> INFORMATION
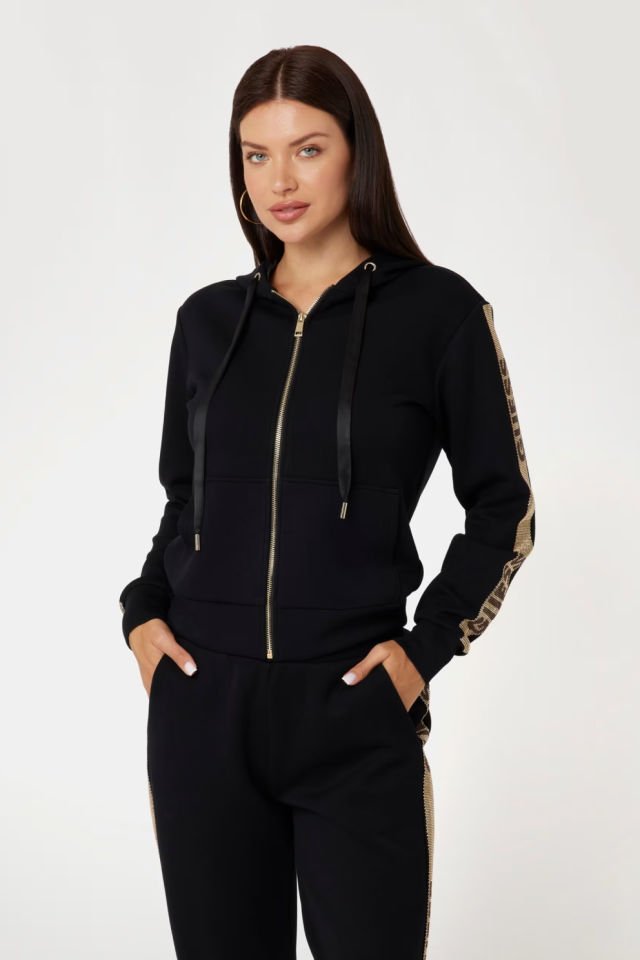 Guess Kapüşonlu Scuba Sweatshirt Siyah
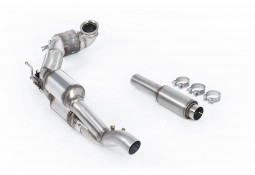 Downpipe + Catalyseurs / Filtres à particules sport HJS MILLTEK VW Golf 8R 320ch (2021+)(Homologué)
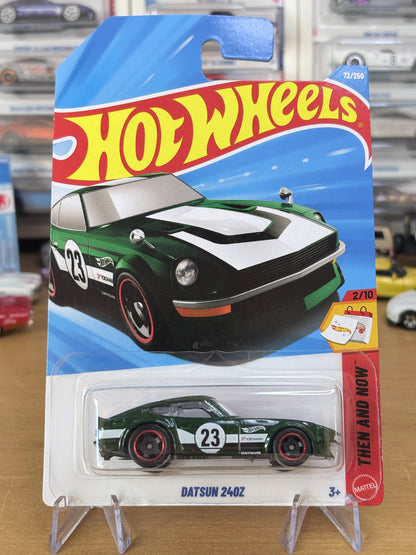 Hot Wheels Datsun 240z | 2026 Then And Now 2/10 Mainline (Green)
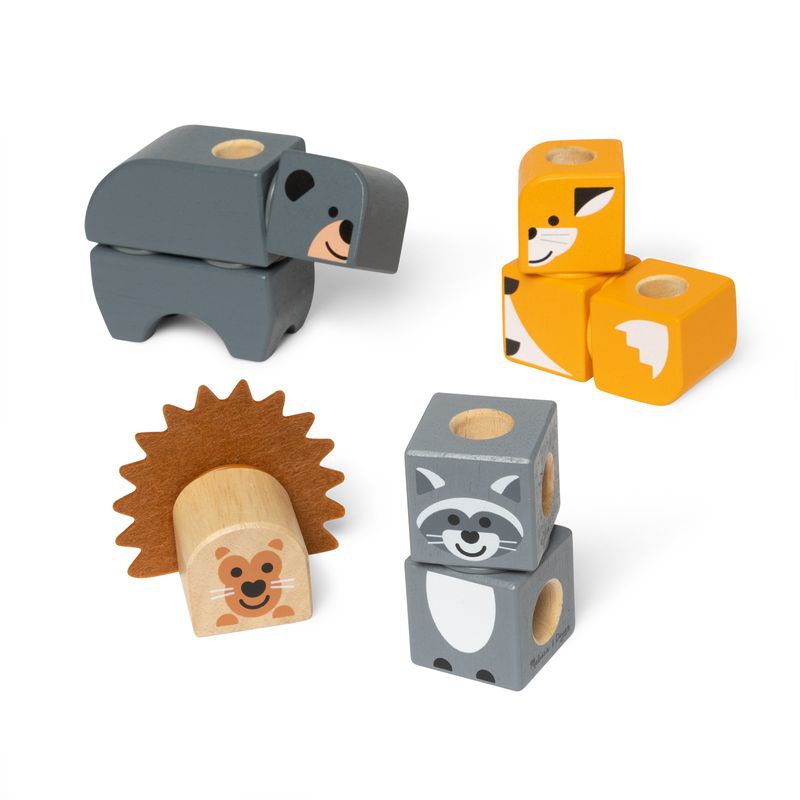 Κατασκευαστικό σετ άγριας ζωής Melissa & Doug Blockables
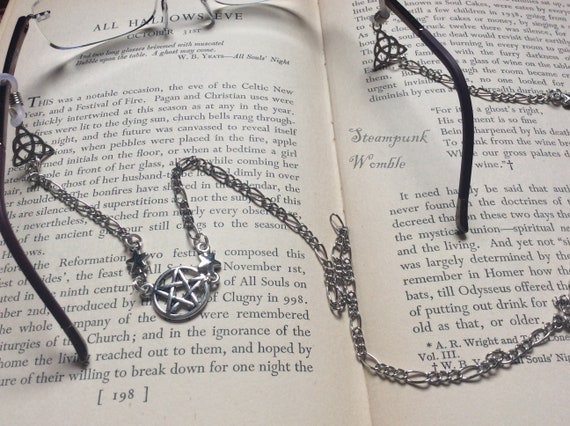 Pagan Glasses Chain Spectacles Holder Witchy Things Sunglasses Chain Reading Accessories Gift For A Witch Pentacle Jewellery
---
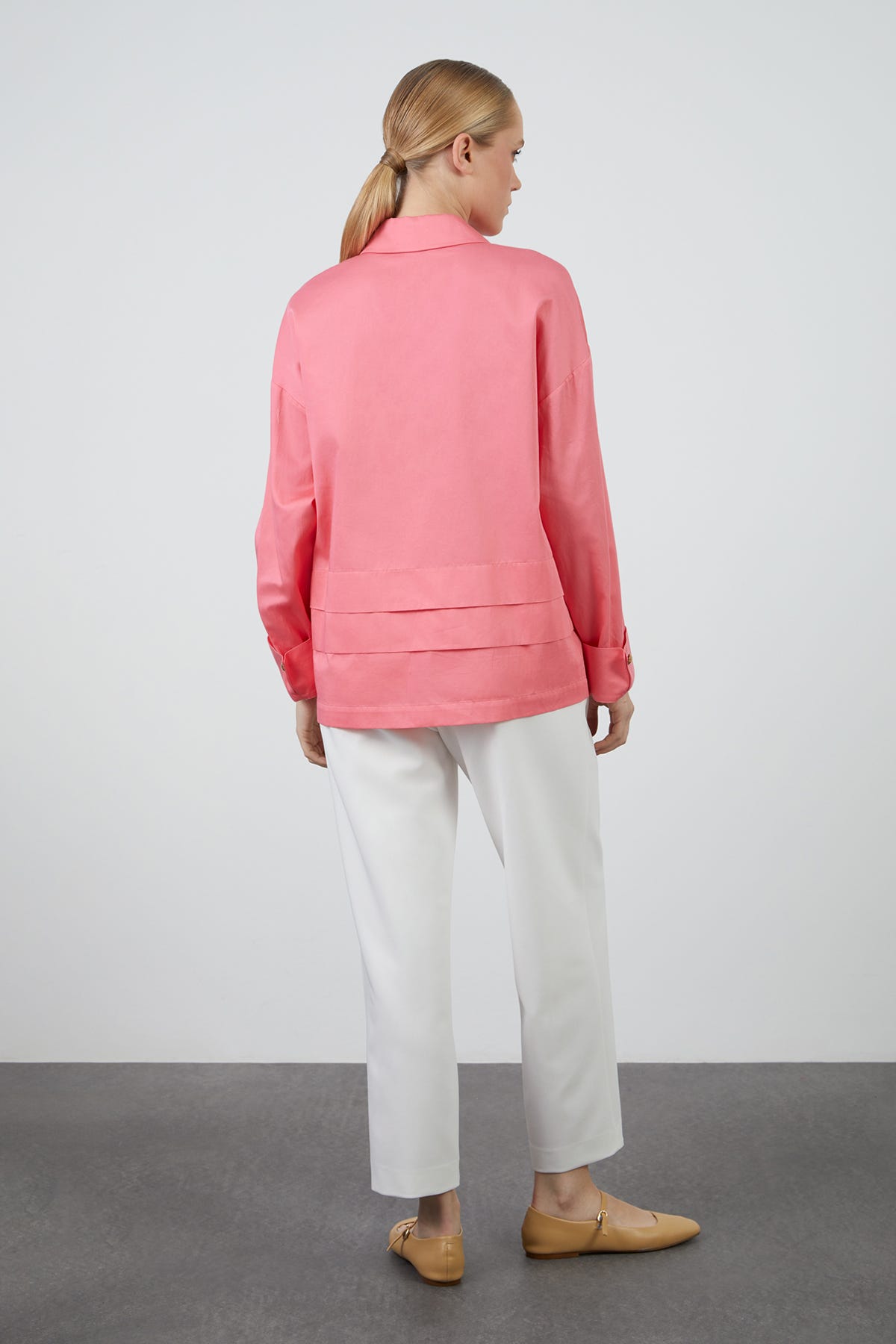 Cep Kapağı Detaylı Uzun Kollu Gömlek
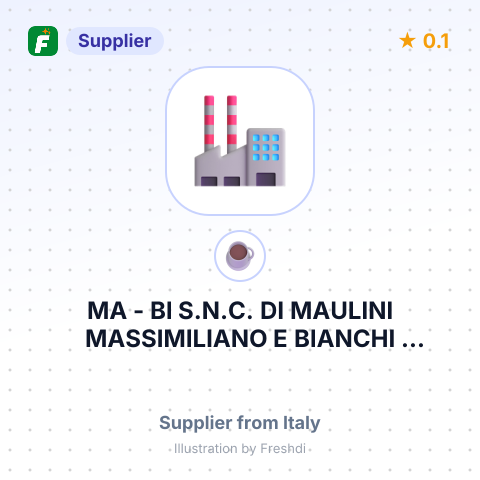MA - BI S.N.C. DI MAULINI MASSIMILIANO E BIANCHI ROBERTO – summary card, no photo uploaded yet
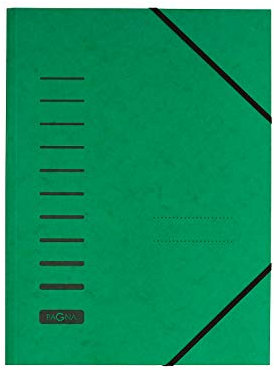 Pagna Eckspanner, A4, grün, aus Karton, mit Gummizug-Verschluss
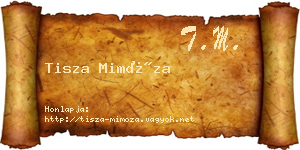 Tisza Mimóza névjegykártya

> EXERCISE
Starting with the line that contains "Hot Wheels Datsun" and finishing with the line that contains "Pagan Glasses Chain", reproduce every line of the material above exactly, but not the pictures.

> RESPONSE TO THIS TASK
 Hot Wheels Datsun 240z | 2026 Then And Now 2/10 Mainline (Green)
 Κατασκευαστικό σετ άγριας ζωής Melissa & Doug Blockables
 Pagan Glasses Chain Spectacles Holder Witchy Things Sunglasses Chain Reading Accessories Gift For A Witch Pentacle Jewellery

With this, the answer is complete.